Waar hij precies woont, ‘maakt niet uit’, en we mogen hem Brahim noemen. Dat is niet zijn echte naam. Brahim is negentien jaar oud, komt uit de Randstad en heeft vaker met de politie te maken gehad ‘dan u brood heeft gegeten’. Hij is niet heel lang, heeft een beginnend baardje en houdt zijn zwarte winterjas aan tijdens het hele gesprek op het kantoor van zijn jongerenwerker. Die kreeg Brahim omdat hij een probleemjongere was.
Het begon met, zoals hij het noemt, ‘rattenstreken’ zoals woninginbraken in zijn eigen wijk, vaak na een tip van een bekende. ‘Op die leeftijd heb je nooit veel geld gezien en dan doe je dat gewoon. En vervolgens zien de oudere jongens dat jij echt bereid bent om dingen voor geld te doen. Dan kom je in contact met hen en ga je geen rattenstreken meer uithalen, maar dan ga je op pad met en voor de oudere jongens die veel meer geld hebben dan je vader.’
Brahim maakt het nog iets concreter: ‘Als je voor driehonderd euro een woninginbraak moet plegen of je kunt iets verder gaan voor vijf keer dat bedrag, dan is de keuze snel gemaakt.’
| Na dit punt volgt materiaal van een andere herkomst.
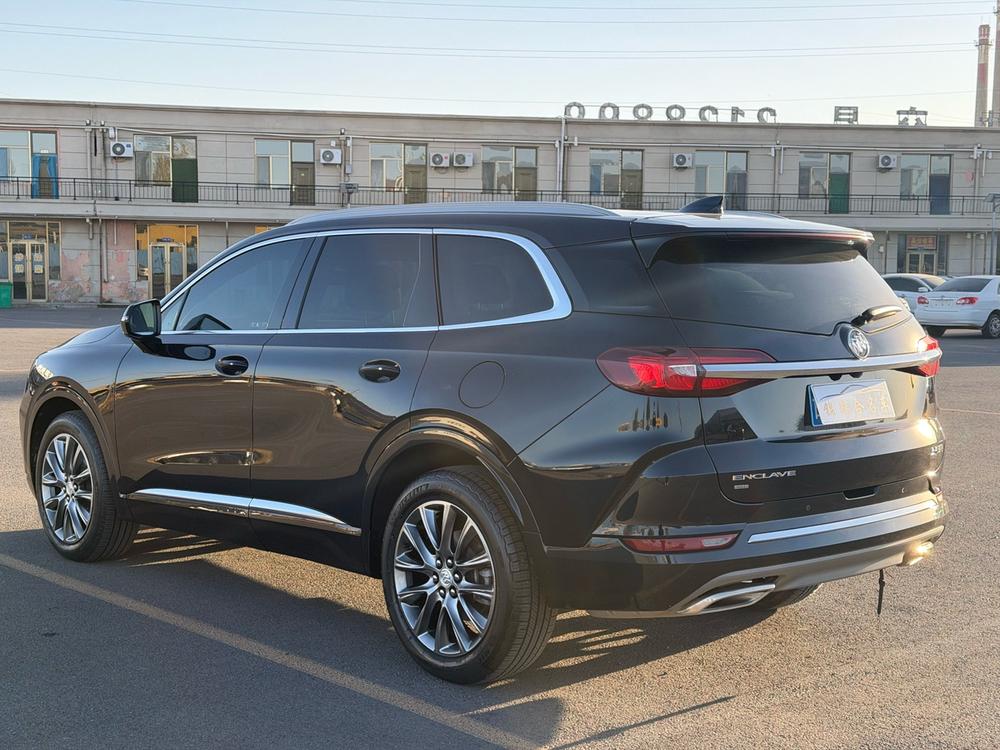 Buick Envision Plus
Hij wil niet in details treden, kijkt naar zijn begeleider en gebaart dat die mag vertellen wat dat ‘iets verder gaan’ dan is: ‘Op straat heb je conflicten tussen twee partijen omdat een van hen een afspraak of een financiële verplichting niet is nagekomen. Dan is die partij bang om zelf het geld af te geven, misschien staan er consequenties tegenover omdat ze te laat zijn. Dus wat doen zulke mensen: die halen er een derde partij bij, Brahim in dit geval. “Hier heb je een tas met geld, breng dat naar partij B en hier heb je een bedrag voor jezelf.” Partij B hoeft niet meer achter partij A aan, want hij heeft zijn geld. Of ze zeggen: “We krijgen nog geld van die en die, kan je dat ophalen?” En voor Brahim is het een uurtje werk en je verdient flink wat geld.’
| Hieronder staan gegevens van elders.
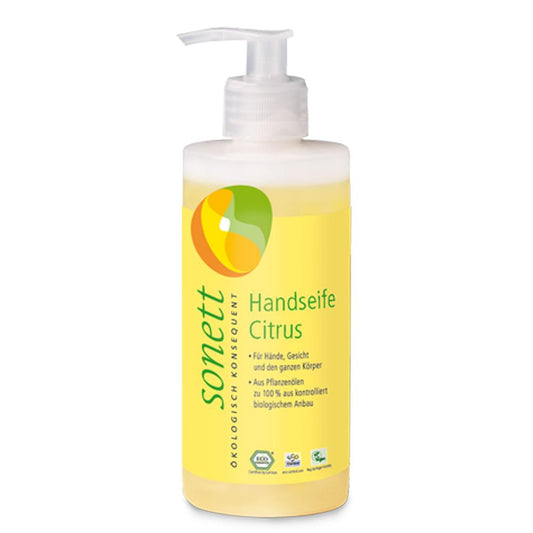 Sonett Hand Soap Citrus - 300 ml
Of het altijd zo makkelijk is gegaan? Brahim zegt van niet: ‘Als ik enkele tienduizenden euro’s moest ophalen, dan ging ik natuurlijk niet alleen. Dan nam ik vrienden met wapens mee en ik dacht: als hij gek doet, sla ik zijn kankertanden eruit.’ Het kon gebeuren dat hij iets moest ophalen bij iemand thuis waar dan ook de rest van het gezin aanwezig was en dat die dan werden geconfronteerd met het geweld van Brahim en zijn maten. ‘Daar lag ik later die nacht thuis dan wel aan te denken.’
Het is iets waar hij nu wel spijt van heeft. Net als van het feit dat hij zijn ouders veel pijn heeft gedaan: ‘Soms was ik zo stom om drugs die ik had afgepakt, wapens of geld te laten slingeren en dat werd dan gevonden door mijn moeder. Die had wel verhalen gehoord over waar ik me mee bezighield, maar had dat tot dat moment nooit geloofd. En mijn vader is zelf ook jong geweest, dus als ik midden in de nacht thuiskwam, wist hij wel wat ik had gedaan. Daar heb ik mijn ouders veel verdriet mee gedaan.’
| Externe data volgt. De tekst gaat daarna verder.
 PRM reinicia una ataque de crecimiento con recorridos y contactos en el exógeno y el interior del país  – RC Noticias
Geweld is voor Brahim niet iets vreemds, hij ziet het overal om zich heen. Het wordt in zijn omgeving snel gebruikt, de aanleiding kan futiel zijn: ‘Dat kan om geld gaan of omdat een jongen met een zusje gaat van iemand die dat niet leuk vindt. Het kan echt in elke situatie voorkomen. Er worden ook snel wapens gebruikt. Ik hoor dat het vroeger meer met de vuisten was. Als je nu iets flikt bij iemand, kun je dezelfde avond nog drie bakstenen door je ruit krijgen of bezoek van gewapende jongens.’
Brahim zegt dat hij inmiddels op een legale manier aan zijn geld komt: ‘Ik zei op een gegeven moment gewoon: “Nee, ik doe het niet meer.” Dat klinkt misschien gek, want op televisie zie je dat je niet zomaar nee kunt zeggen, maar dat kon in mijn geval wel. Die jongens kennen mij ook en ik was ze niks schuldig. Zij hebben mij geholpen en ik heb hen geholpen. Maar nu zeg ik nee. Ik weet niet of ze het hebben gelaten omdat ik het ben en ze mij mogen of omdat ze weten dat ik anders een bom bij hun huis plaats, snap je.’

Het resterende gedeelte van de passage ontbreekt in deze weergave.